**Description of the task**
Could you copy every entry exactly, dropping the pictures?

Short descriptive text snippets
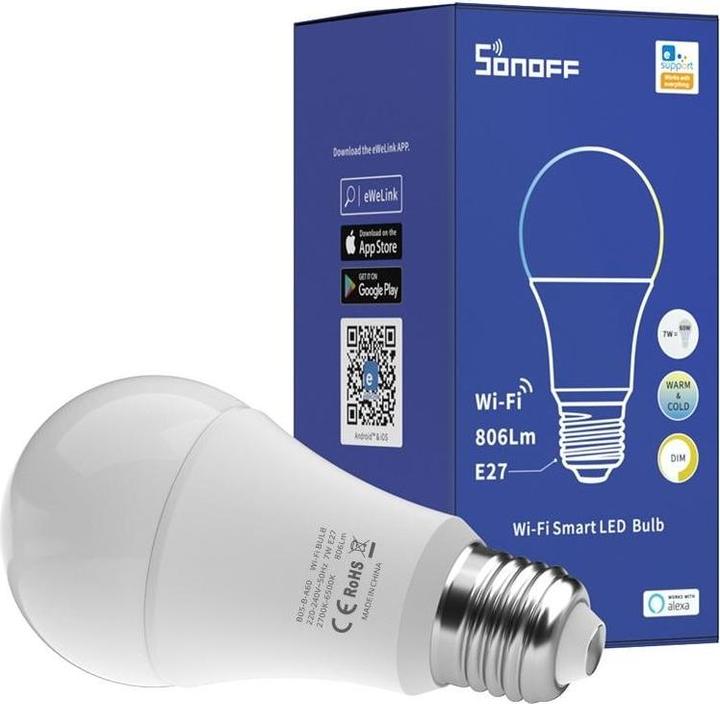 Immagine prodotto Sonoff B02-B-A60 - Lampadina Wi-Fi Smart LED (E27, 9 W, 806 lm, 1 x, F)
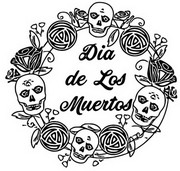 Dibujo para colorear Guirnalda de rosas y calaveras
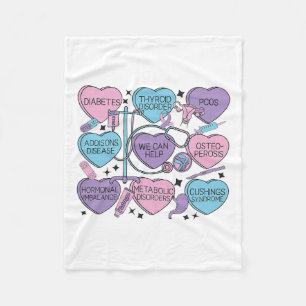 Retro Endocrinology Valentine's Endocrinologist He Fleece Blanket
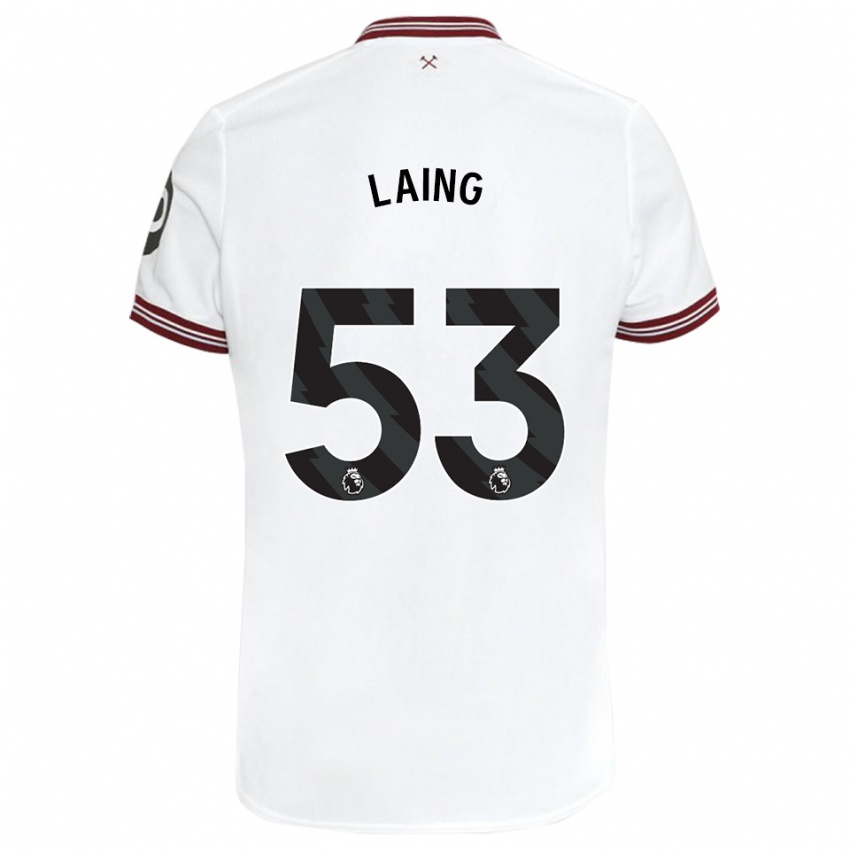 Niño Camiseta Levi Laing #53 Blanco 2ª Equipación 2023/24 La Camisa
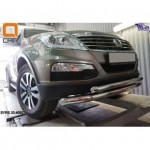 Защита переднего бампера Ssang Yong Rexton (Ссанг Йонг Рекстон) (2007-2012 / 2012-) (двойная) d 76/60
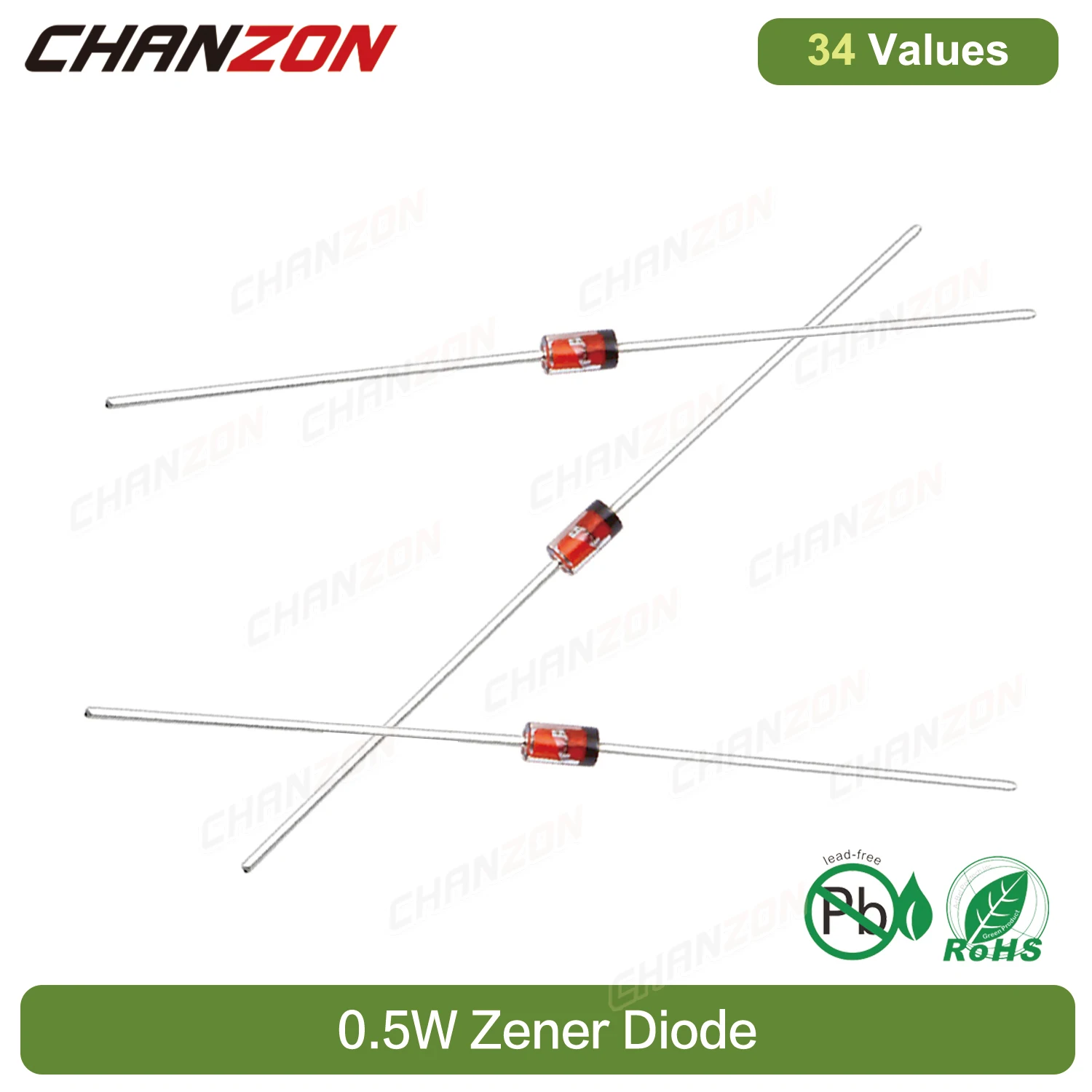 34 Values 0.5W Zener Rectifier diode kit Assortment 2V 3V 3.3V 4.7V 5V 5.1V 5.6V 7.5V 10V 12V 13V 15V 18V 24V 30V 33V 200V Set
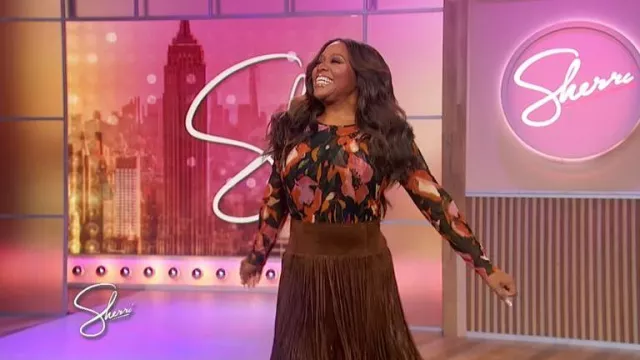 Ted Baker Floral Long Sleeve Mesh Top worn by Sherri Shepherd as seen in Sherri on November 25, 2025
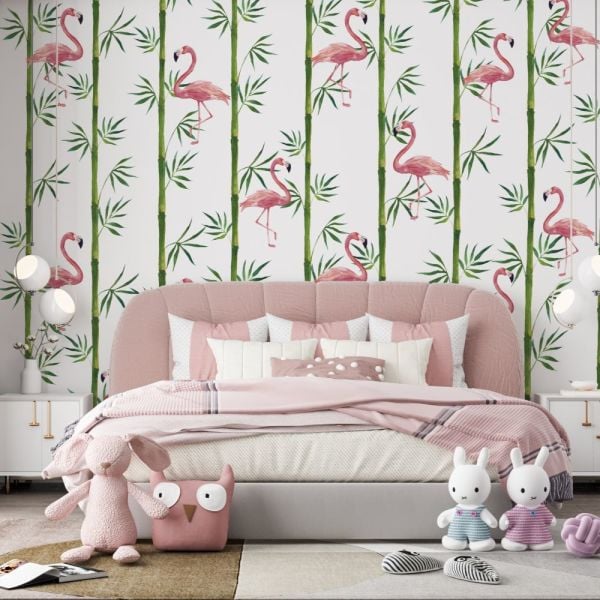 Bambu Ağaçları Arasında Pelikanlar Duvar Kağıdı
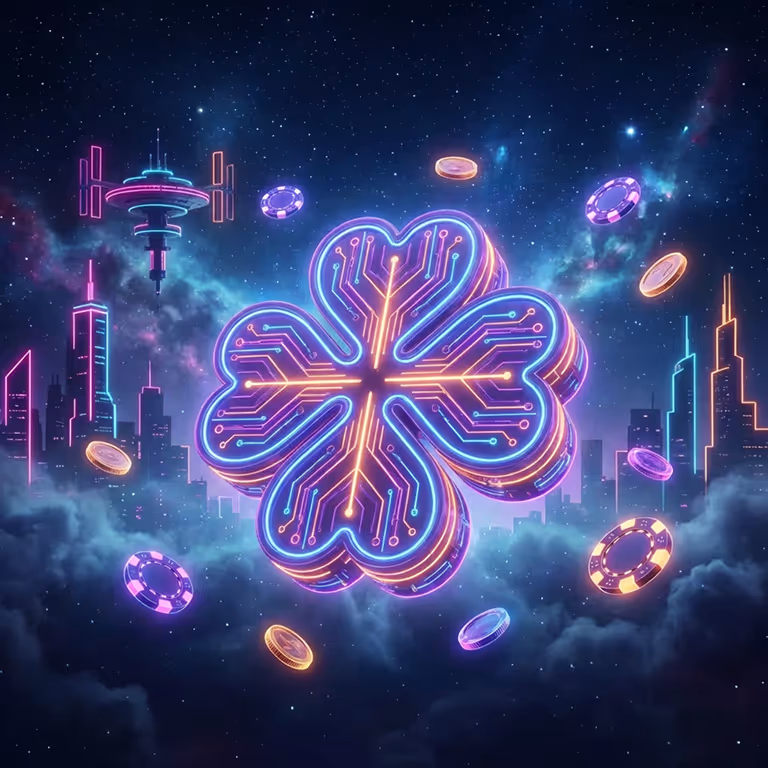 Neon four-leaf clover made of circuit lines surrounded by glowing casino chips in a sci-fi sky.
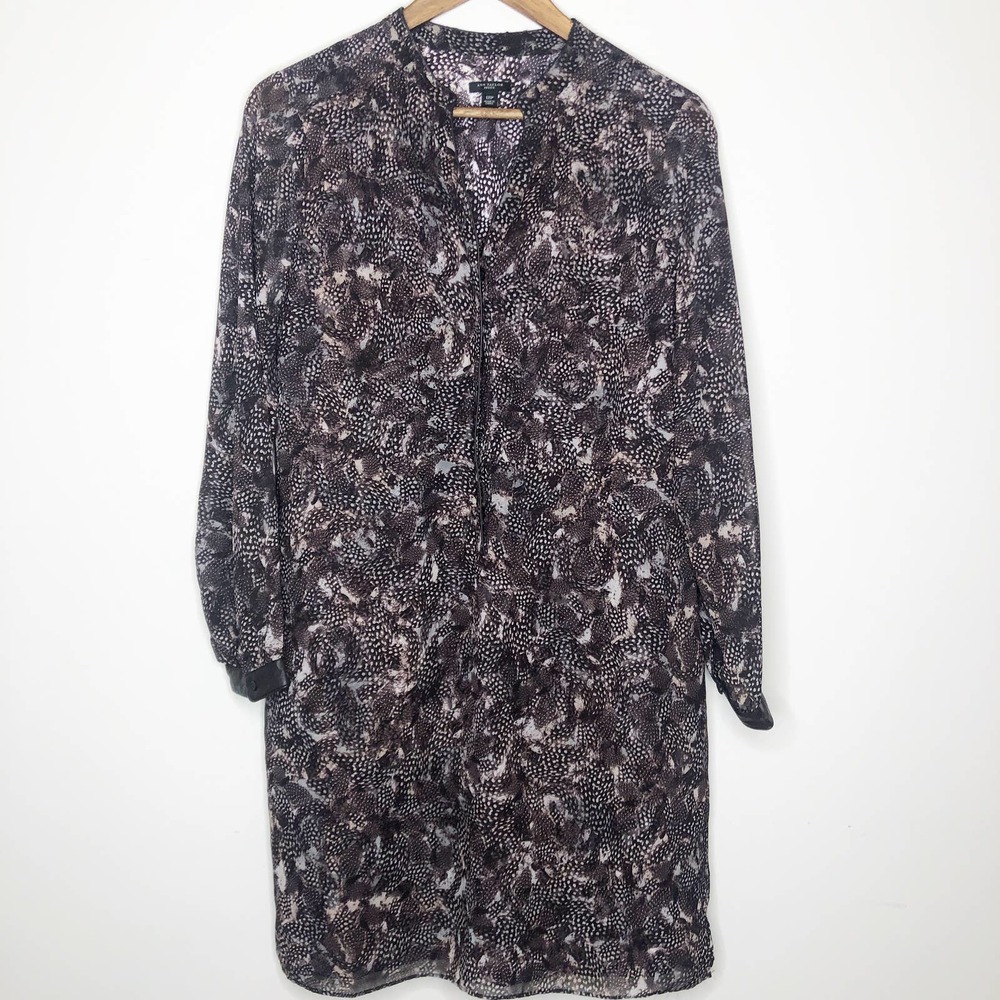Ann Taylor Feather Print Dress, Faux Leather Trim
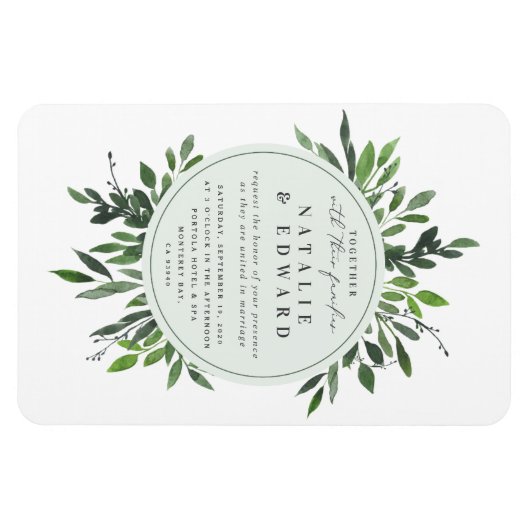  rustige waterverf leafy lijst bruiloft magneet (Horizontaal)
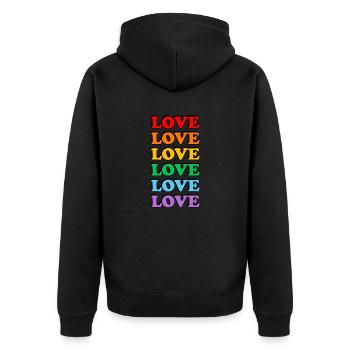 Love 6 rainbow colors gay pride - Unisex Premium Organic Zip Hoodie - black - Back - Nico (187cm)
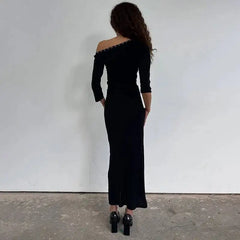 One Shoulder Hook Detail Neckline Maxi Dress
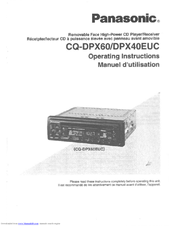 Panasonic CQDPX40EUC - AUTO RADIO/CD DECK Operating Instructions Manual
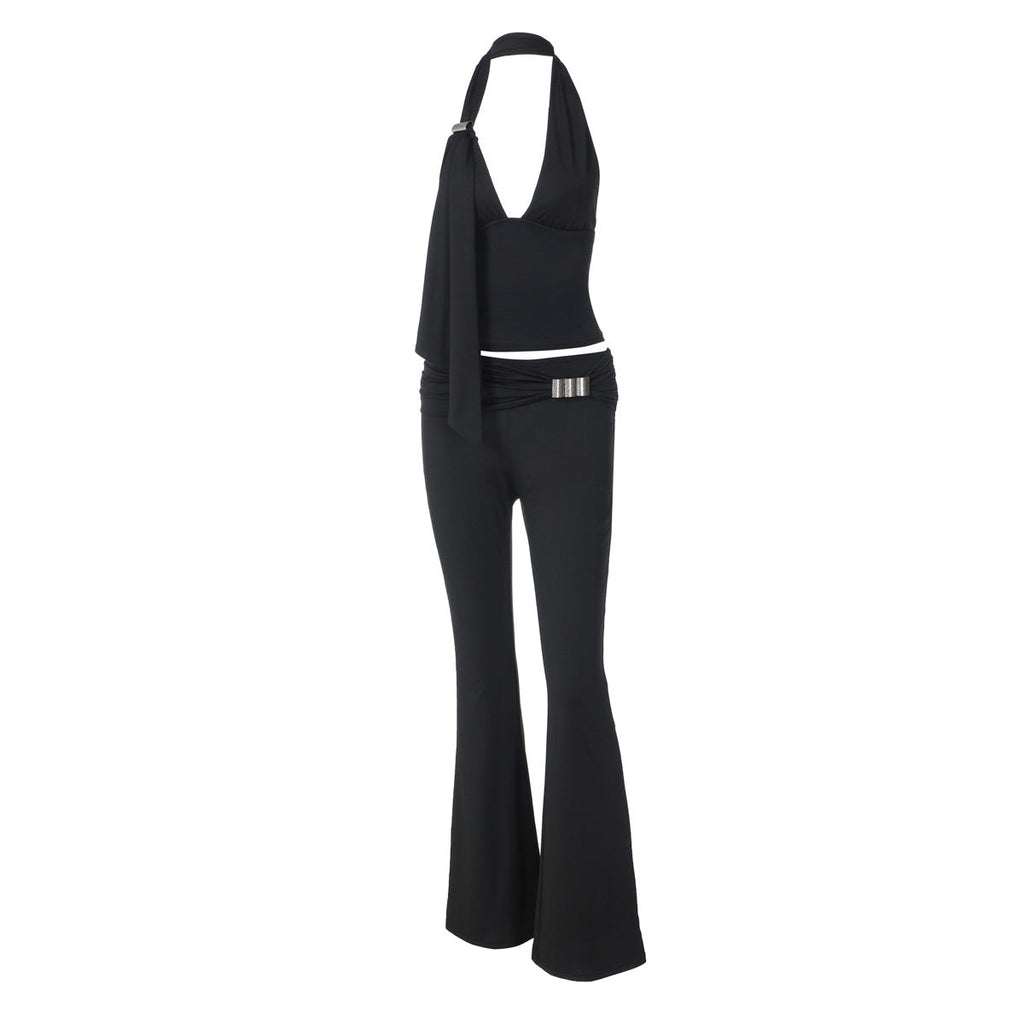 Women's Jumpsuit with Elegant Halter Design and Slim Fit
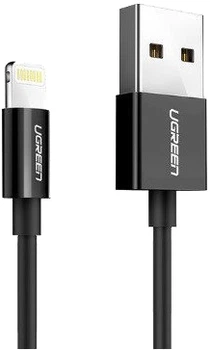 Kabel Ugreen US155 USB-A 2.0 — Lightning MFI 1 m Nickel Plated Black (90402190)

**Answer space**
 Immagine prodotto Sonoff B02-B-A60 - Lampadina Wi-Fi Smart LED (E27, 9 W, 806 lm, 1 x, F)
 Dibujo para colorear Guirnalda de rosas y calaveras
 Retro Endocrinology Valentine's Endocrinologist He Fleece Blanket
 Niño Camiseta Levi Laing #53 Blanco 2ª Equipación 2023/24 La Camisa
 Защита переднего бампера Ssang Yong Rexton (Ссанг Йонг Рекстон) (2007-2012 / 2012-) (двойная) d 76/60
 34 Values 0.5W Zener Rectifier diode kit Assortment 2V 3V 3.3V 4.7V 5V 5.1V 5.6V 7.5V 10V 12V 13V 15V 18V 24V 30V 33V 200V Set
 Ted Baker Floral Long Sleeve Mesh Top worn by Sherri Shepherd as seen in Sherri on November 25, 2025
 Bambu Ağaçları Arasında Pelikanlar Duvar Kağıdı
 Neon four-leaf clover made of circuit lines surrounded by glowing casino chips in a sci-fi sky.
Ann Taylor Feather Print Dress, Faux Leather Trim
  rustige waterverf leafy lijst bruiloft magneet (Horizontaal)
 Love 6 rainbow colors gay pride - Unisex Premium Organic Zip Hoodie - black - Back - Nico (187cm)
 One Shoulder Hook Detail Neckline Maxi Dress
 Panasonic CQDPX40EUC - AUTO RADIO/CD DECK Operating Instructions Manual
 Women's Jumpsuit with Elegant Halter Design and Slim Fit
 Kabel Ugreen US155 USB-A 2.0 — Lightning MFI 1 m Nickel Plated Black (90402190)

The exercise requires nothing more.